WHAT NEEDS TO BE DONE —
With pictures excluded, repeat exactly the lines from the one containing "Renfe estrena una" through the last line of the material below.
◇ ◇ ◇
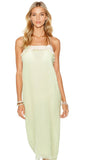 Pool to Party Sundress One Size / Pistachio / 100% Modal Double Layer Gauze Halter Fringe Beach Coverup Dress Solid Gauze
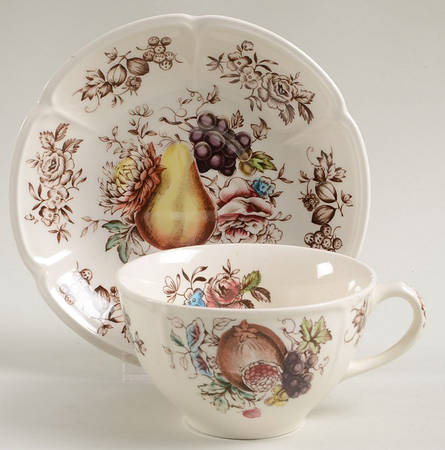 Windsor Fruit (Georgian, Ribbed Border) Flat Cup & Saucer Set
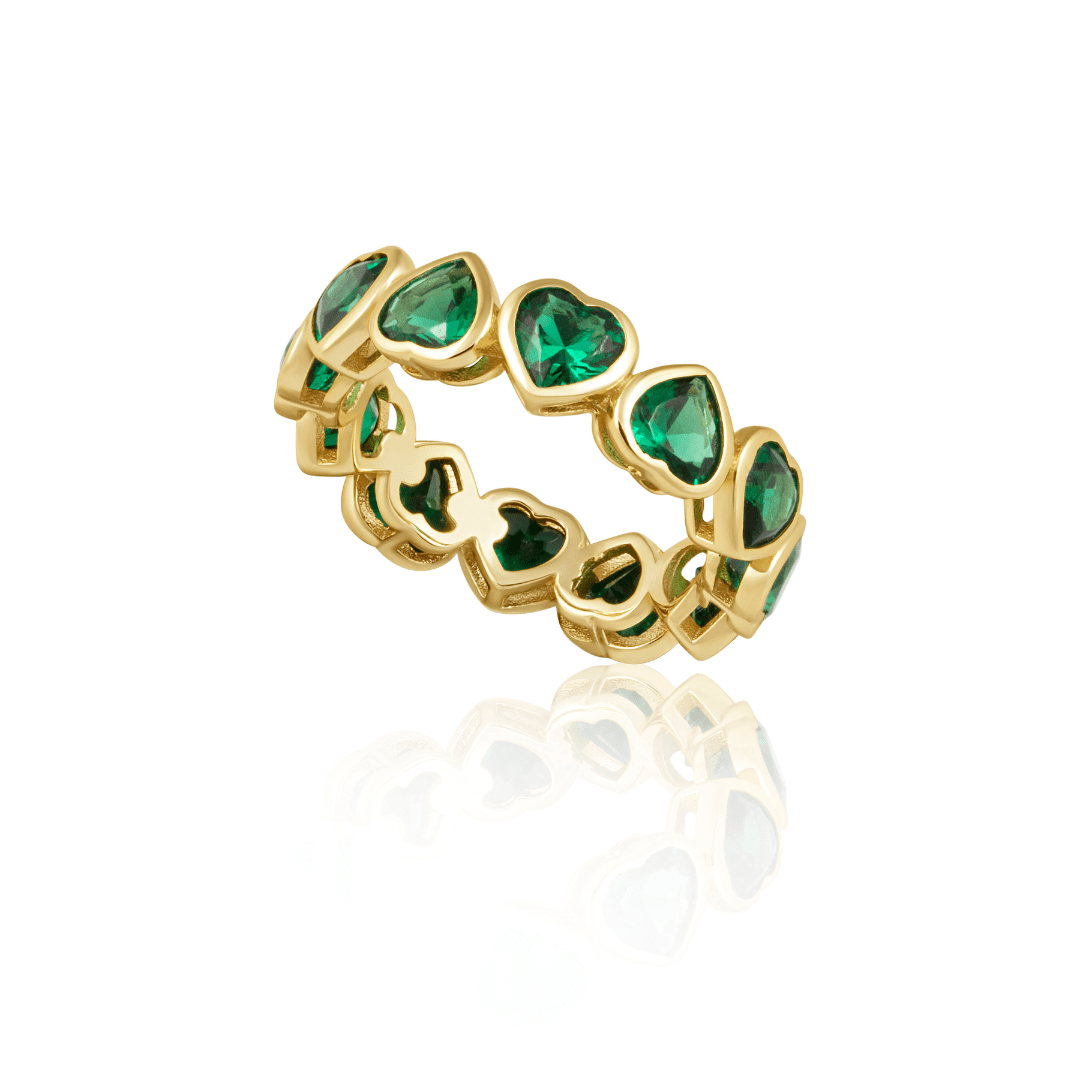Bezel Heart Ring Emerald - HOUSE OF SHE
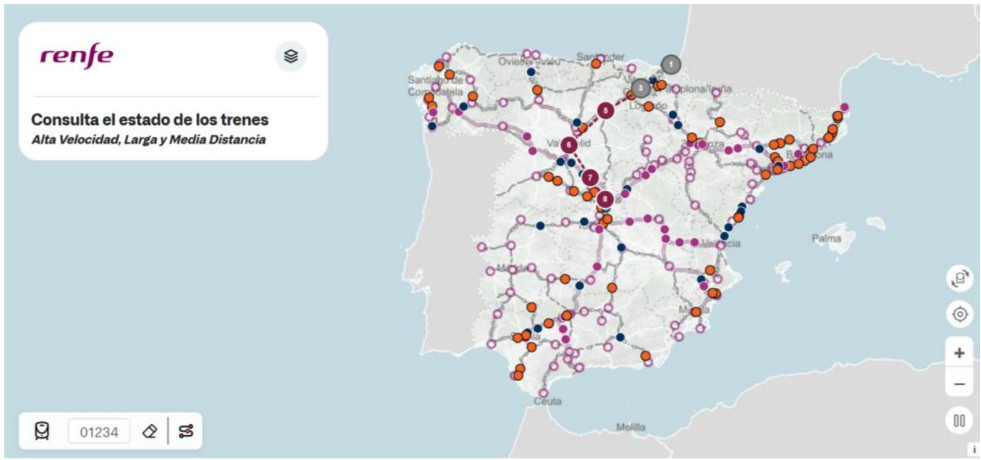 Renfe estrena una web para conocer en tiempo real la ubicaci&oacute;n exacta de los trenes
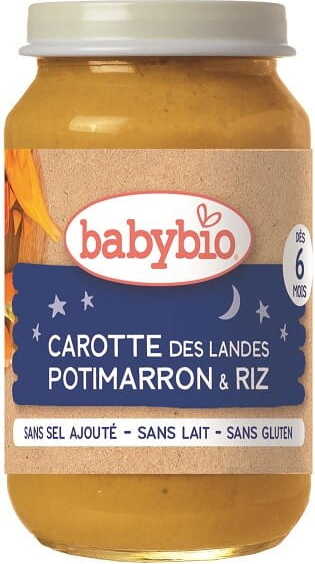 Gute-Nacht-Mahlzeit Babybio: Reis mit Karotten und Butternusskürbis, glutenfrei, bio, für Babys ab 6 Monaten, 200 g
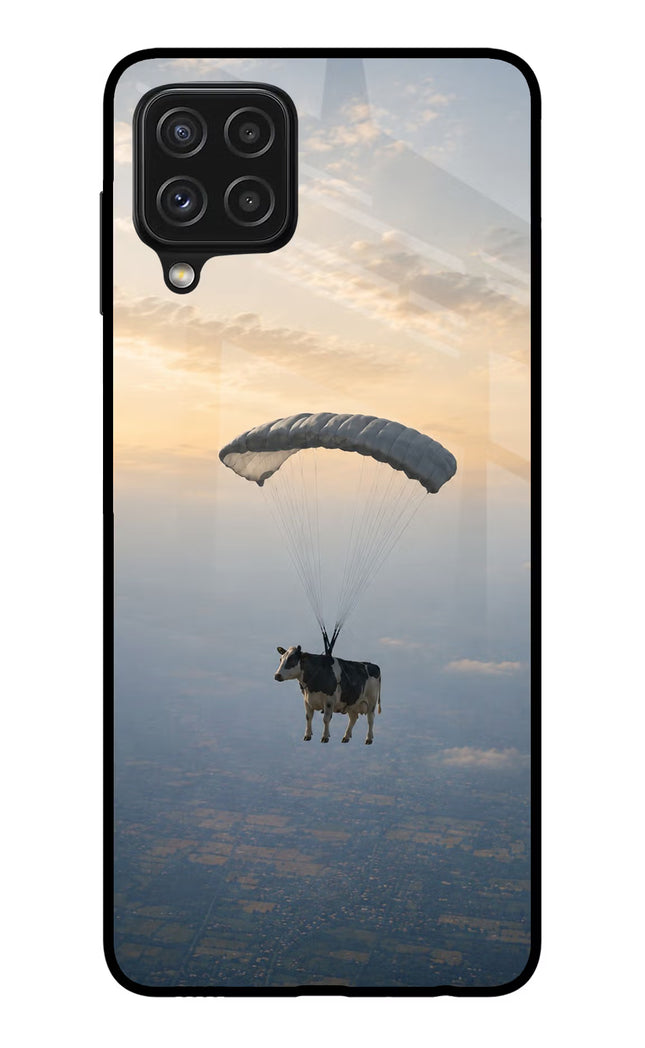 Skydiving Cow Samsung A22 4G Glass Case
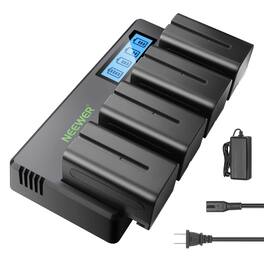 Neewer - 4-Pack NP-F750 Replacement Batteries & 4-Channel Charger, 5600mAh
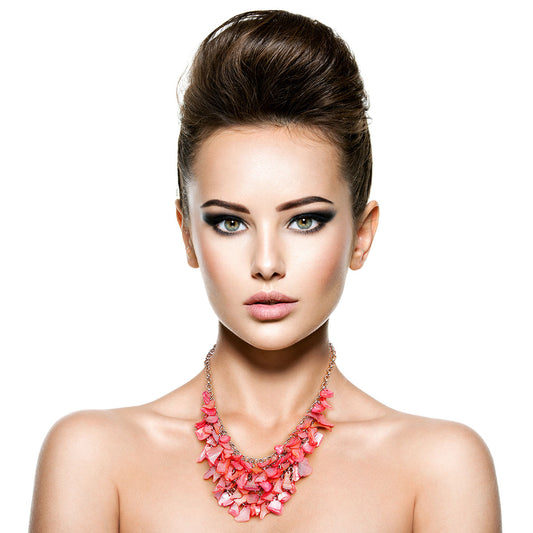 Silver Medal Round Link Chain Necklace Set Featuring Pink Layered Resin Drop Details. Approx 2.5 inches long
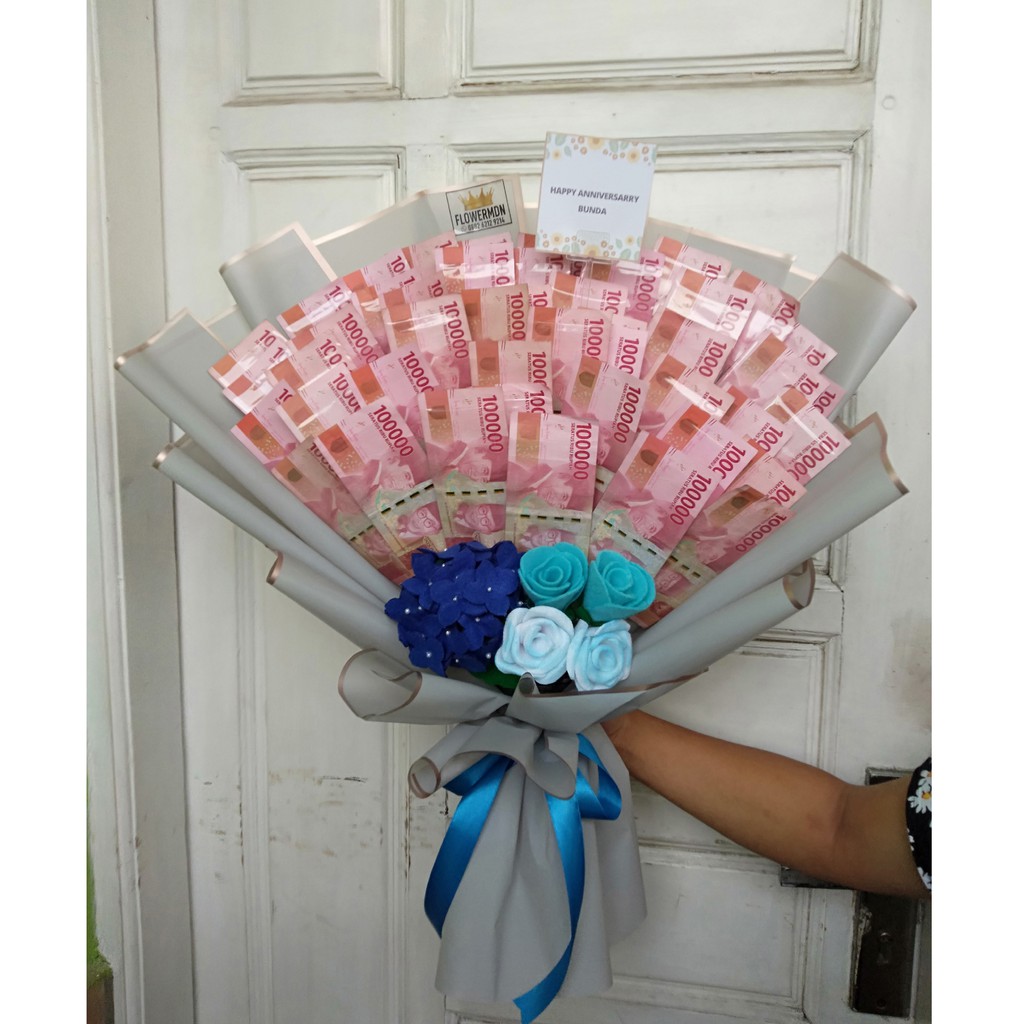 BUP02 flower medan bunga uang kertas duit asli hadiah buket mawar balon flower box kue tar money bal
◇ ◇ ◇
OUTPUT FOR THIS EXERCISE —
 Renfe estrena una web para conocer en tiempo real la ubicaci&oacute;n exacta de los trenes
 Gute-Nacht-Mahlzeit Babybio: Reis mit Karotten und Butternusskürbis, glutenfrei, bio, für Babys ab 6 Monaten, 200 g
 Skydiving Cow Samsung A22 4G Glass Case
 Neewer - 4-Pack NP-F750 Replacement Batteries & 4-Channel Charger, 5600mAh
 Silver Medal Round Link Chain Necklace Set Featuring Pink Layered Resin Drop Details. Approx 2.5 inches long
 BUP02 flower medan bunga uang kertas duit asli hadiah buket mawar balon flower box kue tar money bal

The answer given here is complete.